NEW YORK ( TheStreet) -- The Current Yield column in last Saturday's Barron's recapped the action in the bond market from two weeks ago and the impact it had on one bond ETF and a couple of closed-end municipal bond funds. This was instructive as a reminder of what can happen to bond funds when rates go up and worth exploring further.
Barron's reported that during the week of March 12, the yield on the 10-year U.S. Treasury went from 2.03% up to 2.29%. As most investors know, interest rates at various points along the yield curve are at or near all-time lows; certainly well below normal as the Federal Reserve maintains a 0% interest policy in an attempt to spur natural economic demand.

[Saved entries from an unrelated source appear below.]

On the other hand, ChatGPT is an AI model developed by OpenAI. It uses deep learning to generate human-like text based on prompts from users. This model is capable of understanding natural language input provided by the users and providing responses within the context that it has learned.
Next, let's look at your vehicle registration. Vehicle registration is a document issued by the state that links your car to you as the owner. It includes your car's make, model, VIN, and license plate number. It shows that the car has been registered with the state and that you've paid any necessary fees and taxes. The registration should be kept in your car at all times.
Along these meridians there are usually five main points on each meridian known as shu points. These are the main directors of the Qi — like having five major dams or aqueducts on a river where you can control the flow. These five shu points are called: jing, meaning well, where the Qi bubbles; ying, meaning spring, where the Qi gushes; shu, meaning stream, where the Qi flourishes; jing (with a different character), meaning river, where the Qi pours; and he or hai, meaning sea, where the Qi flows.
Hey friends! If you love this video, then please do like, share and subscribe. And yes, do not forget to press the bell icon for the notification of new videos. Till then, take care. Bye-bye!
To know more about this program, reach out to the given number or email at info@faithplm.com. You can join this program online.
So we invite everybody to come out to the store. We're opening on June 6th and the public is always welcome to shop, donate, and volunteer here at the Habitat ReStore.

If rates are low, then prices of bonds and bond funds must be high. Prices can remain high for years but for now they are high and the price movements from two weeks ago for bond funds with longer maturity targets give an indication of what to expect when rates do finally begin to normalize.The iShares Barclays 20+ Year Treasury Bond ETF (TLT) dropped 5.05% the week of March 12. The Nuveen Municipal Value Fund (NUV) dropped 5.57% that same week and the PIMCO 25+ Year Zero Coupon US Treasury Index ETF (ZROZ) fell by 8.9%. A general rule of thumb for individual bonds is that the price of a 10-year bond will drop 8% for every 100 basis point increase in interest rates. This doesn't have to matter for an investor because they will get the par value of the bond back at maturity. Obviously bond funds have no par value to return to. TLT shows a trailing yield of 3.48% which means that the 5.05% price drop from two weeks again equates to approximately 1.5 years of interest (technically a bond fund pays dividends). Of course, interest rates could go down from here which would make up some or the entire price drop in the fund. Unless the U.S. has the same fate as Japan awaiting it, lower 10-year rates are very unlikely and it makes sense to expect that the various liquidity program implemented by the Fed will result in higher interest rates making the price declines from two weeks ago a drop in the bucket.